• EXERCISE DIRECTIONS
All of the data goes into your copy exactly as written. Images do not.

• SOURCE RECORDS
--------------------

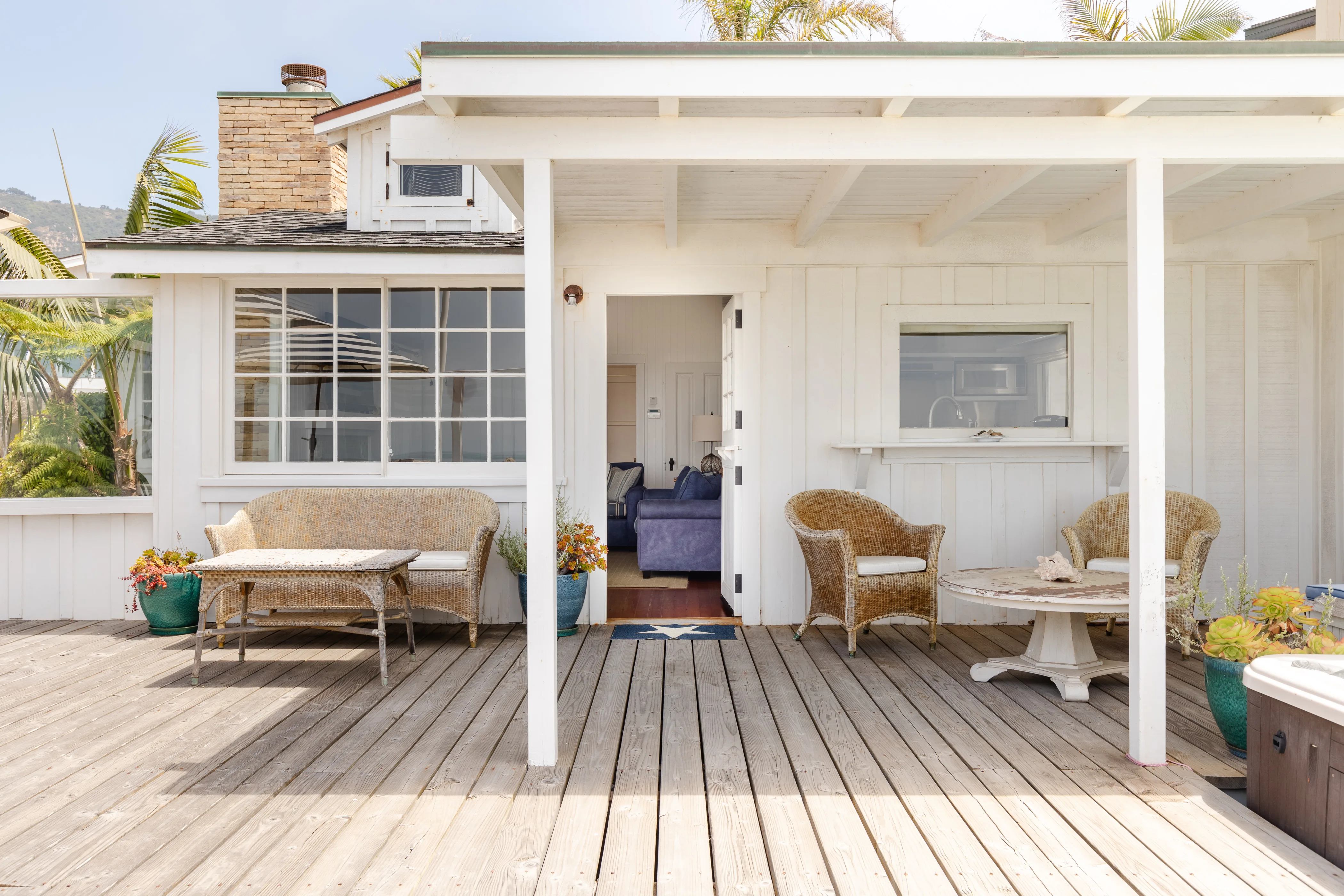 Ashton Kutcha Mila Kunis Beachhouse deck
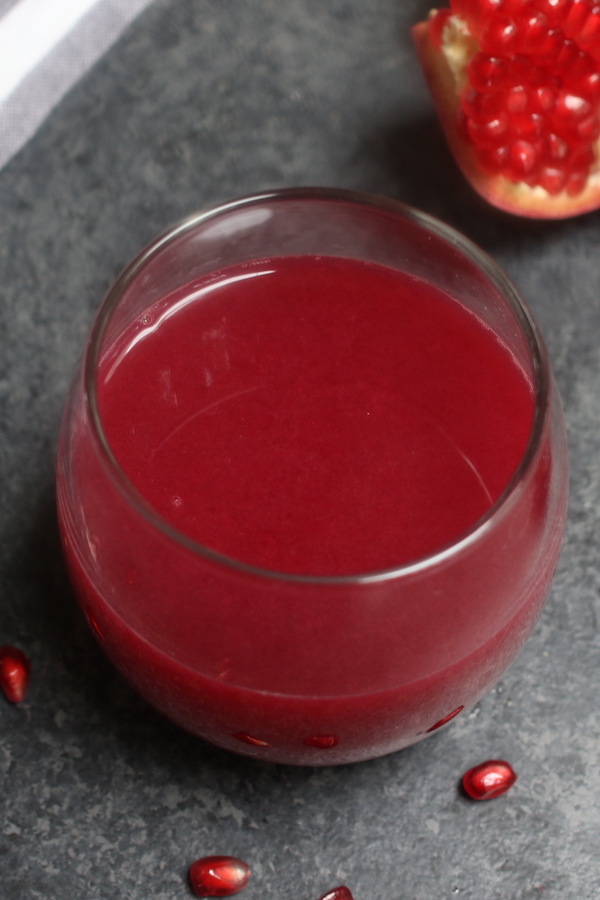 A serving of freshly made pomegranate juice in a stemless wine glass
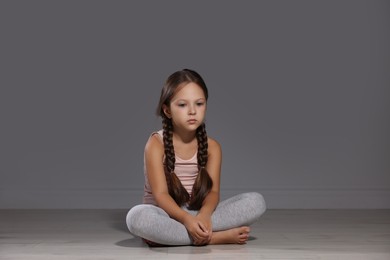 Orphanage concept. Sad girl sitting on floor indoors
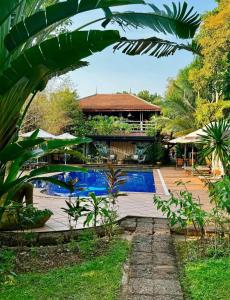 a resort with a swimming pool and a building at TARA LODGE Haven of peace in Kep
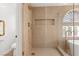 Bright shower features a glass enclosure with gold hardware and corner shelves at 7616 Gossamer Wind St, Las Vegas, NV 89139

--------------------

• EXERCISE RESULT
 Ashton Kutcha Mila Kunis Beachhouse deck
 A serving of freshly made pomegranate juice in a stemless wine glass
 Orphanage concept. Sad girl sitting on floor indoors
 a resort with a swimming pool and a building at TARA LODGE Haven of peace in Kep
 Bright shower features a glass enclosure with gold hardware and corner shelves at 7616 Gossamer Wind St, Las Vegas, NV 89139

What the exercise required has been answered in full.